Welche Nummer ist denn gegenwärtig dran? Ein Blick auf die Leuchtanzeige an der Wand verrät mir: N1342. Ich schaue mich kurz um: hauptsächlich ältere Klientel. Das würde dauern, denn ältere Menschen warten nicht nur länger als jüngere, bis sie entnervt aufgeben. Sie kosten das Erlebnis am Schalter auch länger aus, wenn sie endlich an der Reihe sind.

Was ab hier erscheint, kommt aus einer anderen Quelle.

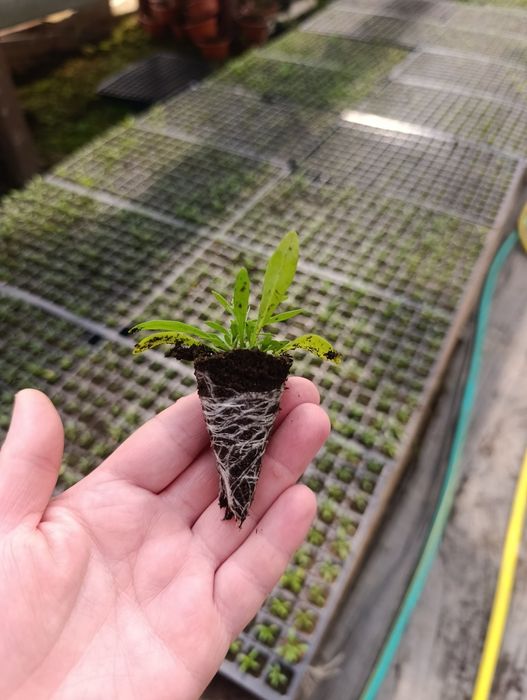 Черенок квітів .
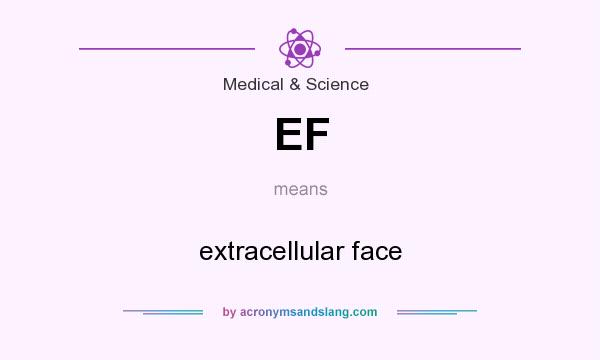 What does EF mean? It stands for extracellular face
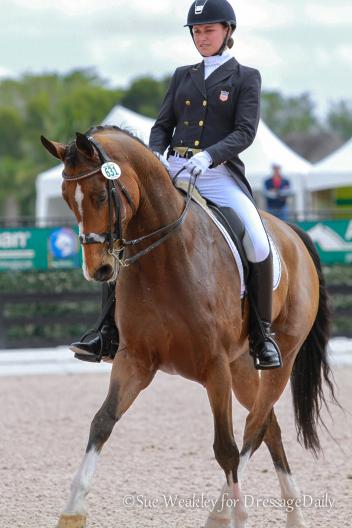Adrienne Lyle concentrates during her first ride of the Derby on Fame and Fortune, an 11-year-old Oldenburg gelding owned by Melody Jackson. Photo: Sue Weakley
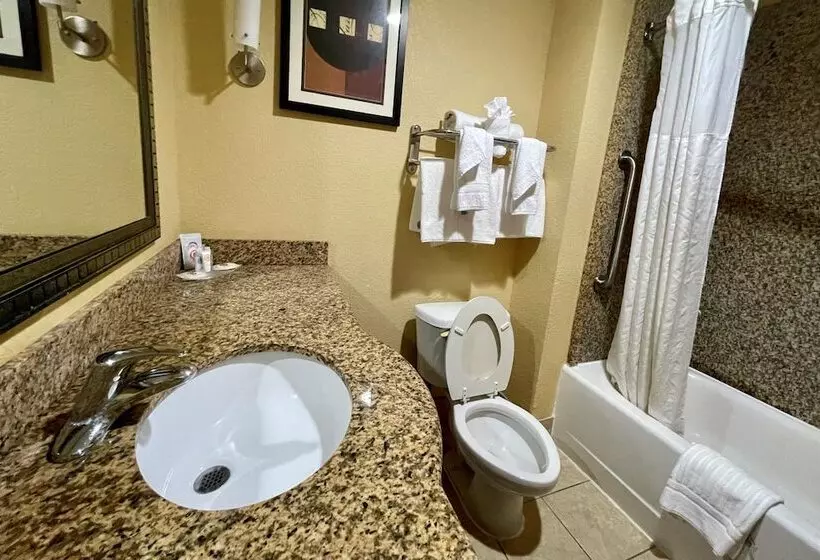 スイート, Comfort Suites Augusta Riverwatch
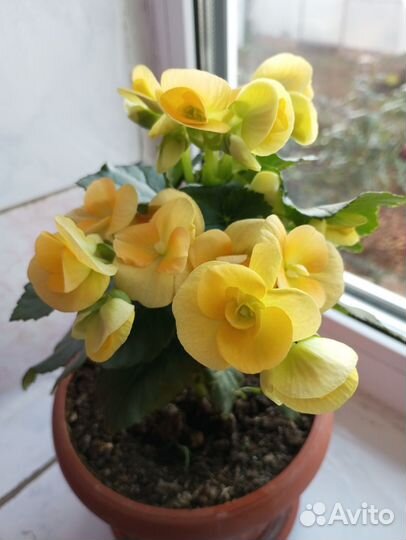 Бегония желтая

Auch das Reisezentrum beherbergt jedoch eine Fotoausstellung. Also laufe ich zurück und schaue mir Streetphotography des Leipziger Fotografen Thomas Meinicke an. Die Momentaufnahmen der Ausstellung »Moving People« Menschen – Orte – Augenblicke sind in Marokko, Kuba, Vietnam, Kambodscha, Sri Lanka, Äthiopien und Hongkong entstanden. Zu sehen sind überwiegend bunte Straßen, Häuser und Menschen, letztere dem Fotografen meist freundlich begegnend. Die Ausstellung ist in die linke Hälfte des Reisezentrums drapiert. Die Aufsteller mit größtenteils zwei großformatigen Fotografien untereinander sind so platziert, dass Betrachter beim Betreten ganzheitlich in die bunte Welt eintauchen können.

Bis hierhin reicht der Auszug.